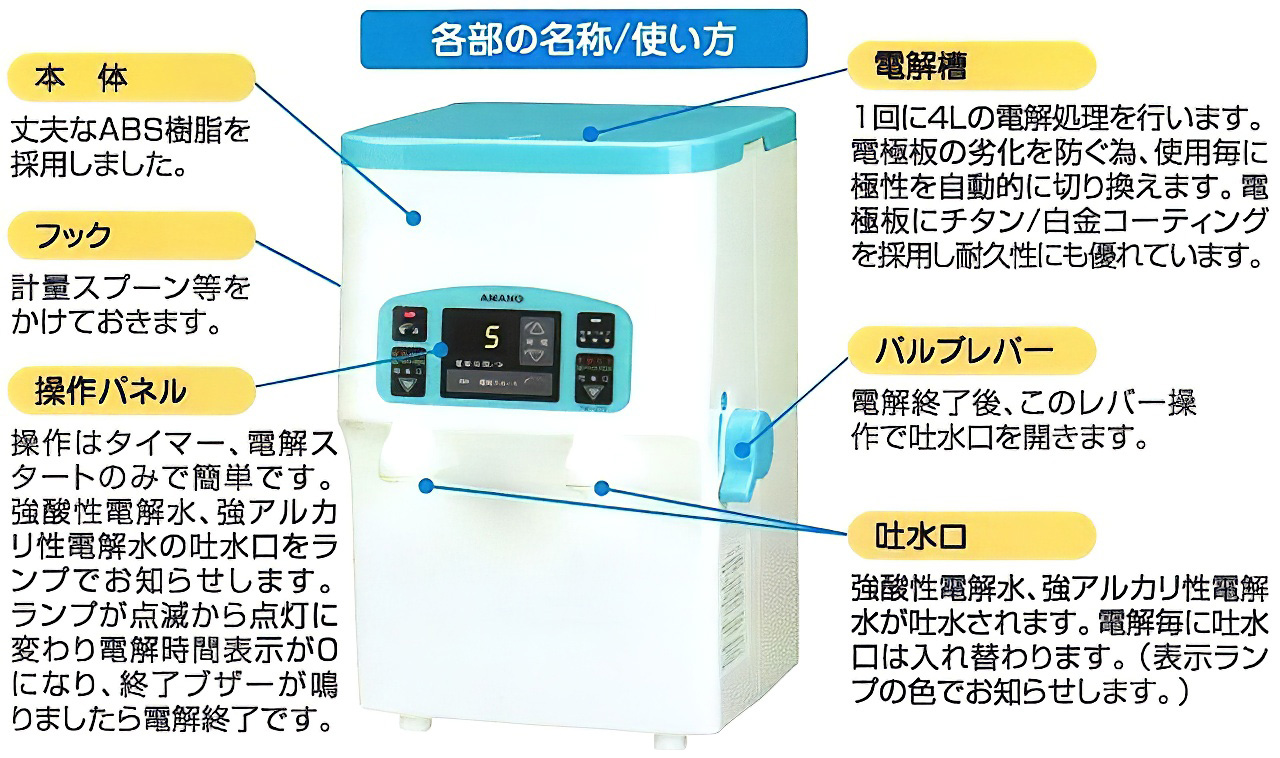 アマノ【株】 強電解水生成装置 ラボII EW250D 環境衛生管理機器の専門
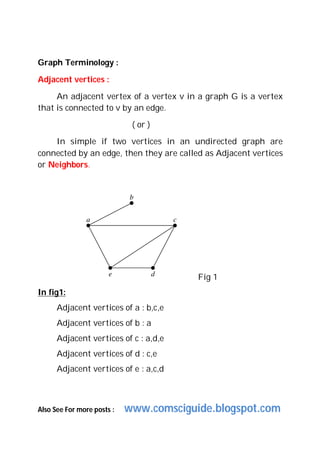 Also See For more posts : www.comsciguide.blogspot.com
Graph Terminology :
Adjacent vertices :
An adjacent vertex of a vertex v in a graph G is a vertex
that is connected to v by an edge.
( or )
In simple if two vertices in an undirected graph are
connected by an edge, then they are called as Adjacent vertices
or Neighbors.
Fig 1
In fig1:
Adjacent vertices of a : b,c,e
Adjacent vertices of b : a
Adjacent vertices of c : a,d,e
Adjacent vertices of d : c,e
Adjacent vertices of e : a,c,d
 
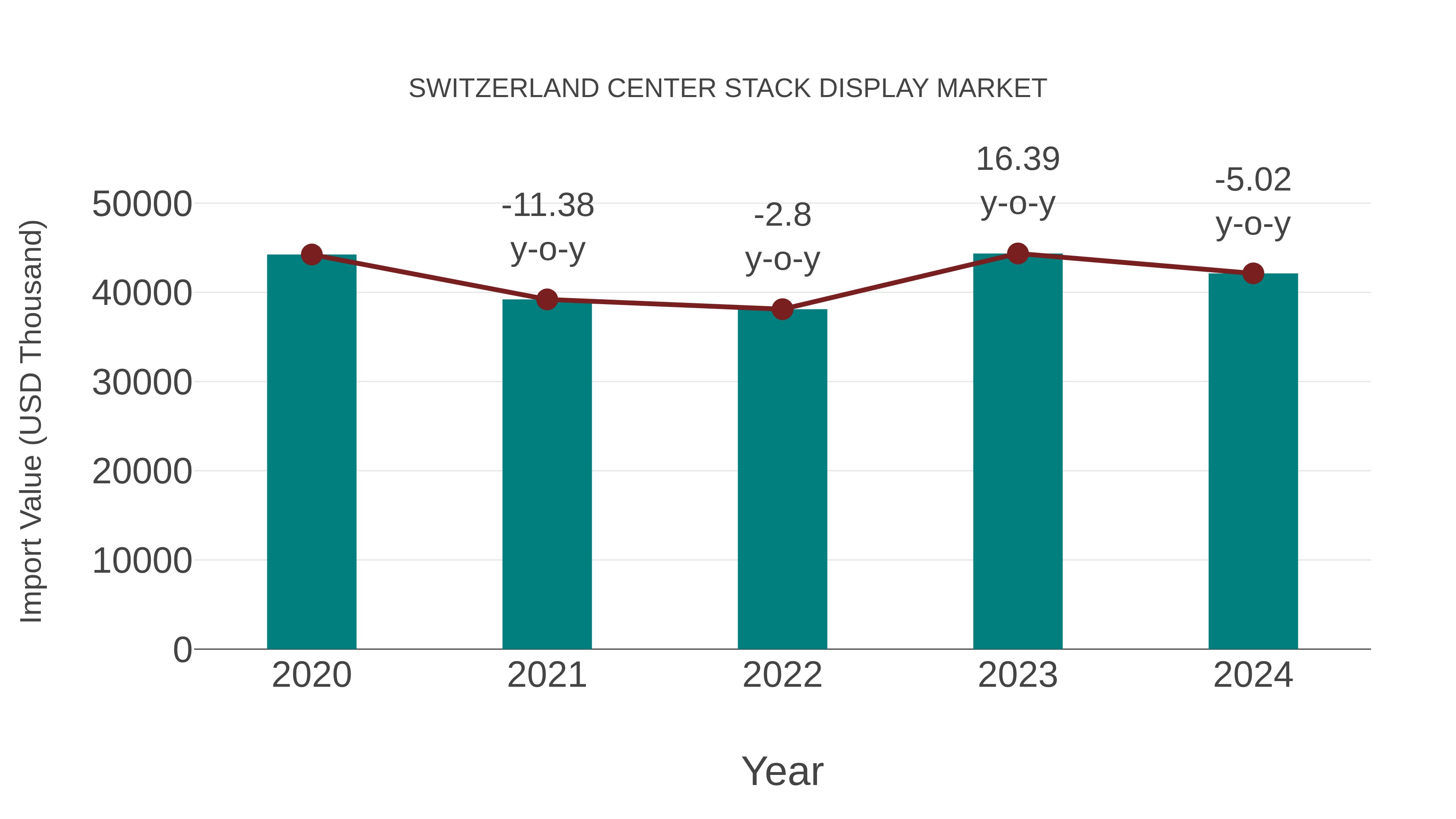 Switzerland Center Stack Display Market: Import Trend Analysis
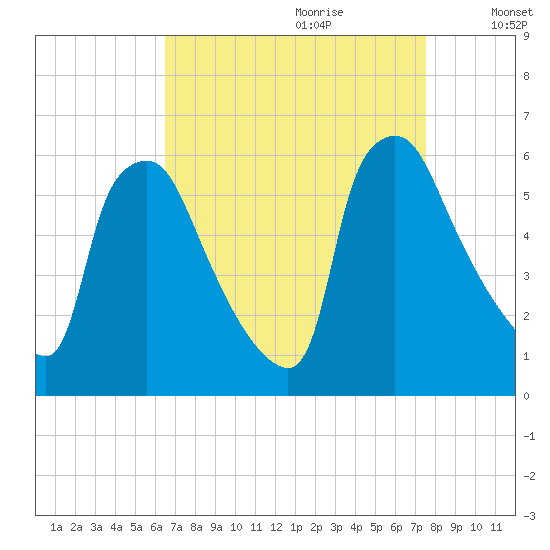 Darby Creek tide chart for Friday, September 2, 2022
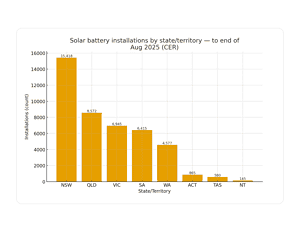 Bar chart showing solar battery installation counts by Australian state and territory to end of August 2025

..............................

= About this exercise =
Repeat the listing exactly, pictures excluded.

= Response to this exercise =
 アマノ【株】 強電解水生成装置 ラボII EW250D 環境衛生管理機器の専門
 Also See For more posts : www.comsciguide.blogspot.com
Graph Terminology :
Adjacent vertices :
An adjacent vertex of a vertex v in a graph G is a vertex
that is connected to v by an edge.
( or )
In simple if two vertices in an undirected graph are
connected by an edge, then they are called as Adjacent vertices
or Neighbors.
Fig 1
In fig1:
Adjacent vertices of a : b,c,e
Adjacent vertices of b : a
Adjacent vertices of c : a,d,e
Adjacent vertices of d : c,e
Adjacent vertices of e : a,c,d
 
 Switzerland Center Stack Display Market: Import Trend Analysis
 Darby Creek tide chart for Friday, September 2, 2022
 Bar chart showing solar battery installation counts by Australian state and territory to end of August 2025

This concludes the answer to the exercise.